Мордвинов не был всеяден. Он всегда знал, чего он хочет, к чему стремится. Помню, как отказался он от роли Николая Глуховцева из пьесы Леонида Андреева «Дни нашей жизни», от роли чеховского Иванова. Почему? Потому что не увидел он в этих героях возможности рассказать зрителю о том, как прекрасен мир, исполненный самых разных и в том числе трагических страстей, как прекрасен человек, живущий в этом мире я его преобразовывающий, ощущающий свою связь с природой «стремящийся властвовать над ней.
Многое объясняет в Мордвинове, в стихийности его дарования любовь к природе: она подчас захлестывала его, даже ослепляла, но и вдохновляла. Природу Мордвинов любил больше всего после искусства, а может быть, и наравне с искусством (впрочем, разве можно противопоставлять искусство и природу?) — русскую природу, которую он чувствовал всеми фибрами своего существа, и из нее возникшую, ее славящую русскую народную песню.
Русское, народное — об этом необходимо помнить, чтобы глубоко вглядываться в творчество Мордвинова, в образ этого художника. Думаю, через песню, через поэзию, через природу понимал и чувствовал Мордвинов Родину и русского человека — простого крестьянина, рабочего, живущего по законам правды, справедливости, суровой морали и человеческой нежности.
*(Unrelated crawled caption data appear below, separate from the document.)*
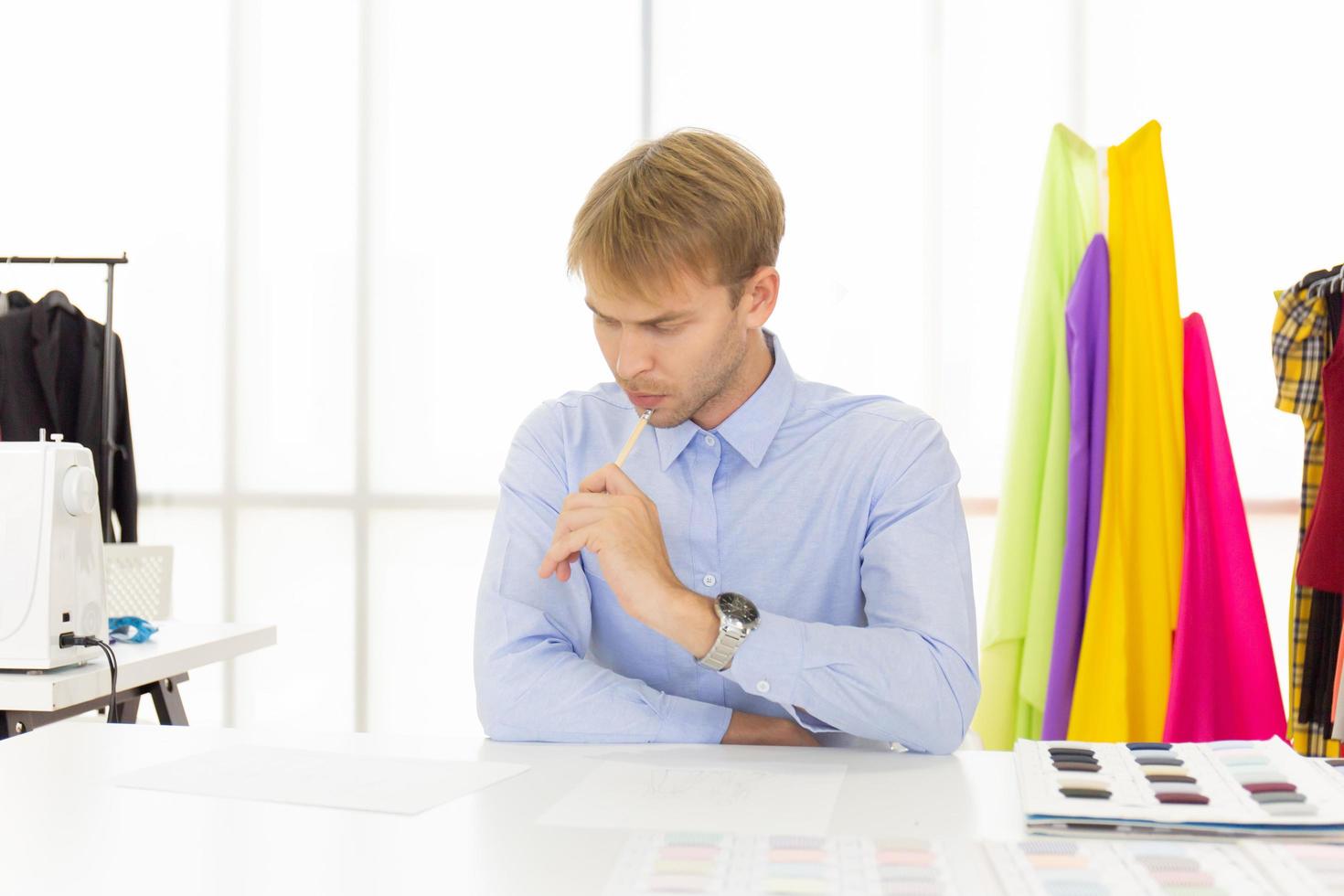 Male designers who are sketching on paper to design clothes photo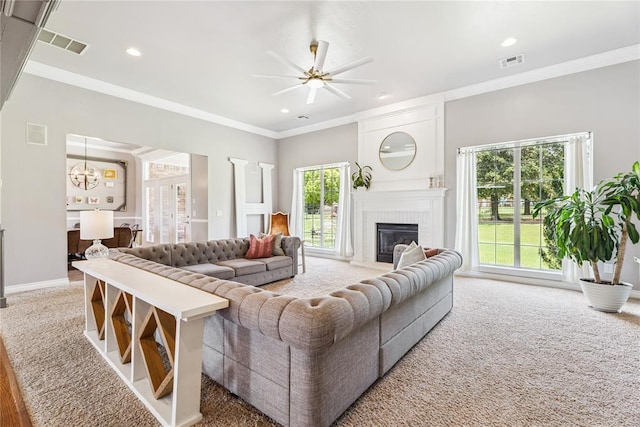 16523 Roserock Cir, Choctaw, OK 73020 - living room with a brick fireplace, ceiling fan, a chandelier, ornamental molding, and carpet flooring
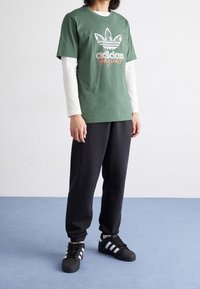 Zelené bavlněné tričko s bílým logem Adidas a červenými akcenty, přes bílé tričko s dlouhým rukávem. V kombinaci s černými tepláky a teniskami.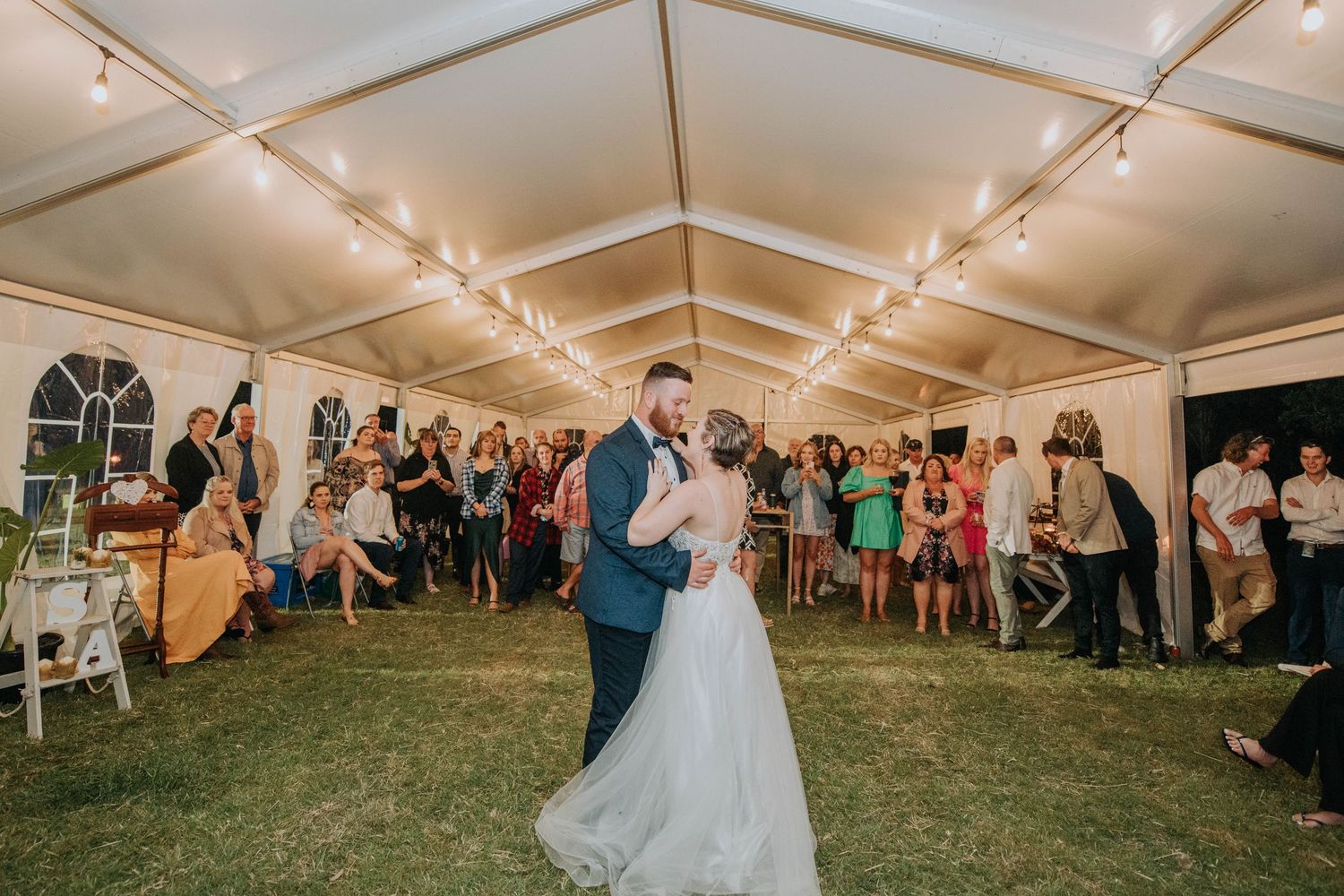 A couple shares their first dance surrounded by guests in an elegantly lit reception tent.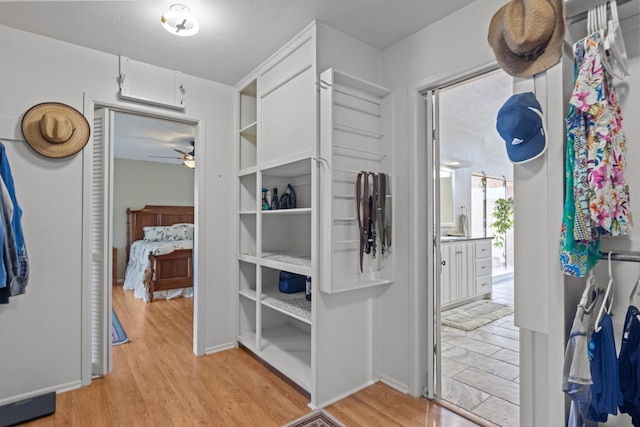 9408 Cromwell Ter, Odessa, TX 79764 - walk in closet featuring ceiling fan and light wood-type flooring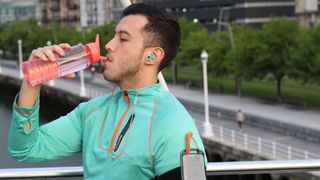 Man drinking from water bottle outside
Мордвинов любил Толстого, Достоевского и Шолохова, Репина, Малявина и Врубеля. Мордвинов любил русское искусство, которое вселяет в сердце радость и веру в то, что «человек все может сделать» (если воспользоваться словами одного из любимых его героев — словами его Тиграна). Он верно служил этому искусству.
Вот почему Мордвинов так увлеченно играл в годы войны роль генерала Огнева («Фронт» А. Корнейчука): он увидел в этом герое творческую личность, сильный интеллект, свободный и смелый, вот почему так полюбились людям его колючий, вздорный, но яростно честный академик Верейский («Закон чести» А. Штейна), его подпольщик Ваграм и коммунист Тигран. Вот почему так радостно встречаем мы снова и снова лучшего из киногероев Мордвинова — легендарного комбрига Котовского, «сказочно красивого, по-сегодняшнему живого», как говорил о нем сам Мордвинов.
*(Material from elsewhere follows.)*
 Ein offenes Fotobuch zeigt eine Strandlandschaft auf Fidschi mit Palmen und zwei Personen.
Вот почему трагически рано оборвавшаяся артистическая жизнь Мордвинова завершилась созданием образа необыкновенной силы и ярко современного смысла — созданием образа человека-красавца, истинного партийца, рабочего-труженика Василия Забродина в пьесе Исидора Штока «Ленинградский проспект».
Сам Мордвинов так определил живую думу своего творчества: «Народ желает видеть в своем герое то лучшее, что он — народ — о себе знает».
Это «лучшее» в своем народе Мордвинов всегда знал и стремился раскрыть в своем искусстве. Это «лучшее» он находил в самом себе, ибо был истинным сыном своего народа, ибо был артистом русским, народным: в высоком первоначальном, обязывающем и прекрасном смысле этого слова.
Мордвинов был великолепным русским человеком — чистым, сильным, преданным фанатично и несломимо тому делу, которому служил. Да, он именно служил театру. Огромно было в нем чувство ответственности, огромна была его преданность тому искусству, в которое он верил, его стойкость — непоказная, постоянная, не поддающаяся соблазнам и проверенная тяжкими испытаниями.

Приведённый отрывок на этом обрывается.